By Associated Press - Friday, December 23, 2016

ATLANTA (AP) - When the suspected head of a major Atlanta-area drug-trafficking organization had money to spare, the 42-year-old often did what other amateur investors, venture capitalists and businessmen do: He bought blighted real estate in the city’s struggling neighborhoods.

The Atlanta Journal-Constitution (https://bit.ly/2hkNw7F) reports Elgin DeMarco Jordan’s criminal prosecution for drug dealing helped lift the veil on how a single owner can impact a community.

Jordan and his associates bought up a section of the Grove Park neighborhood in northwest Atlanta, where he spent most of his life, plus a half-dozen other properties in the city’s poorer areas. Prosecutors said there were 21 properties altogether, with an estimated taxable value at $1.5 million.

The real estate was seized as part of a multi-agency effort to halt drug sales in “The Bluff,” known as a Southeastern heroin hub. Jordan forfeited most of them when he was sentenced to eight years in federal prison for drug and money laundering charges.

“I got so many properties, I can’t think sometimes,” Jordan, 42, told an undercover agent, a federal court filing states.

Prosecutors said they hope the seizures will loosen drug dealing’s grip on the affected neighborhoods.

“When a drug dealer has the resources and abilities to more deeply insinuate himself into a community through ownership of properties and businesses . the more visible he can become, and the more he may feel part of the fabric of the neighborhood,” U.S. Attorney John Horn told the newspaper. “And the more difficult it is for law enforcement to extract that component and allow the neighborhood be a healthy and safe community again.”

But Jordan’s defenders say he was just a real estate investor who went astray.

Before drug addiction took hold of him, he was admired at North Eugenia Place, where he lived and owned most of his property.

“But for these drugs, this was a local hero in that area of the city,” said Akil Secret, Jordan’s longtime attorney. “He was somebody who rose from very humble beginnings to being a productive businessman in that community.”

Secret said his client was no kingpin.

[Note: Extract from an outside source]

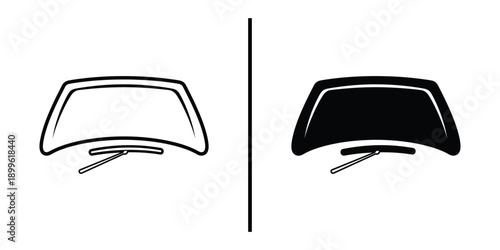 A detailed illustration of two car windshield wiper blades in different states on a clean white background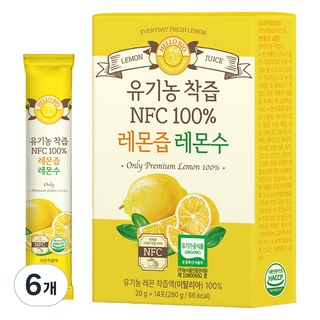 헬로바이오 유기농 착즙 NFC 100% 레몬즙 레몬수 14p, 280g, 6개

However, one confidential informant said he worked as a major supplier as early as 1997, selling eight to 10 kilos of cocaine at a time for as much as $24,000 each, a federal forfeiture filing states.

Jordan majored in business at Atlanta Technical College, but left after one year to work in construction fixing and selling old homes.

Over the years, Jordan invested proceeds from his illegal drug activity in real estate, a confidential informant told investigators, court records show. Some of the properties were acquired under “A New Way of Living,” a company prosecutors said was linked to him. During the real estate bust, he was snapping up properties for as little as $1,800 each.

The appeal was location, Jordan told an undercover agent who posed as a potential buyer for one site. There is “a lot of revitalization,” occurring, he said, according a court filing.

He lived on North Eugenia Place in a rundown condo he owned and his grandmother lived in a brick house steps away, an informant told investigators.

Jordan sold drugs on North Eugenia Place too, investigators said.

During a 2015 search of one of his properties, authorities found what appeared to be heroin, cocaine and hashish, scales and, under a pillow in the master bedroom, a semi-automatic handgun, court records state. That June, Jordan pleaded guilty to counts of money laundering and conspiracy to distribute a controlled substance.

Prosecutors returned seven of the 21 properties that had been seized from Jordan as part of a plea agreement.

On a recent afternoon, most of the dozen North Eugenia houses and condos that investigators tied to Jordan stood empty or boarded up, but others looked well-kept. Residents approached by The Atlanta Journal-Constitution said they knew of Jordan, but declined to speak about him.

A demolition team tore down a condemned apartment building with three condos tied to Jordan. Workers said it would be gone in a week.